- [AIM OF THE TASK] Could you print the listing again exactly, omitting the pictures?

- [EXERCISE DATA]

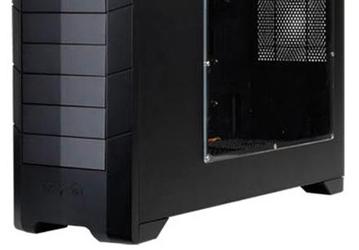 Корпус Raven RV02 с необычным размещением системной платы почти пришел в Европу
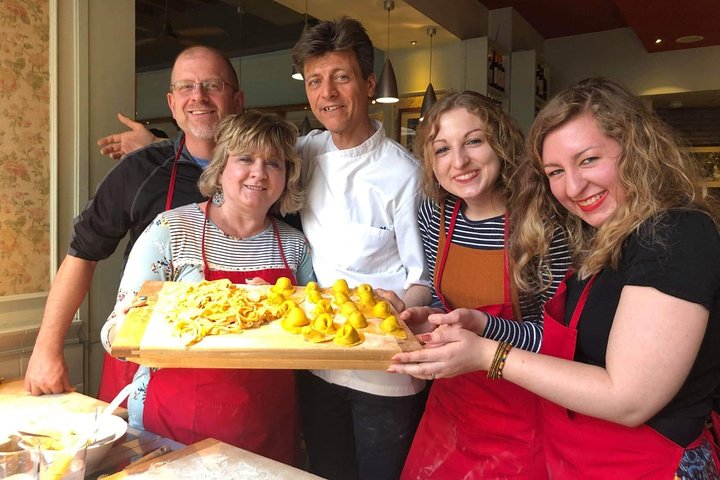 Exclusive Pasta making Class - Imagen 1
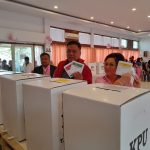 Gubernur Olly dan Istri Berikan Hak Suara di TPS 3 Bumi Beringin, Ajak Warga Sukseskan Pesta Demokrasi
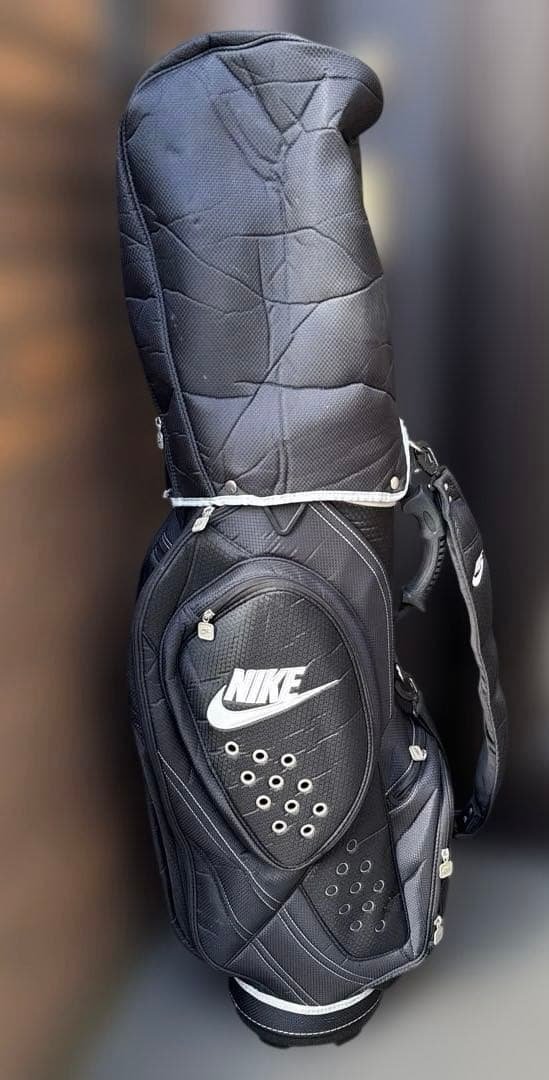 良品！Nike スタイリッシュキャディバッグ ブラック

- [ANSWER TO THIS EXERCISE]
 Корпус Raven RV02 с необычным размещением системной платы почти пришел в Европу
 Exclusive Pasta making Class - Imagen 1
 Gubernur Olly dan Istri Berikan Hak Suara di TPS 3 Bumi Beringin, Ajak Warga Sukseskan Pesta Demokrasi
 良品！Nike スタイリッシュキャディバッグ ブラック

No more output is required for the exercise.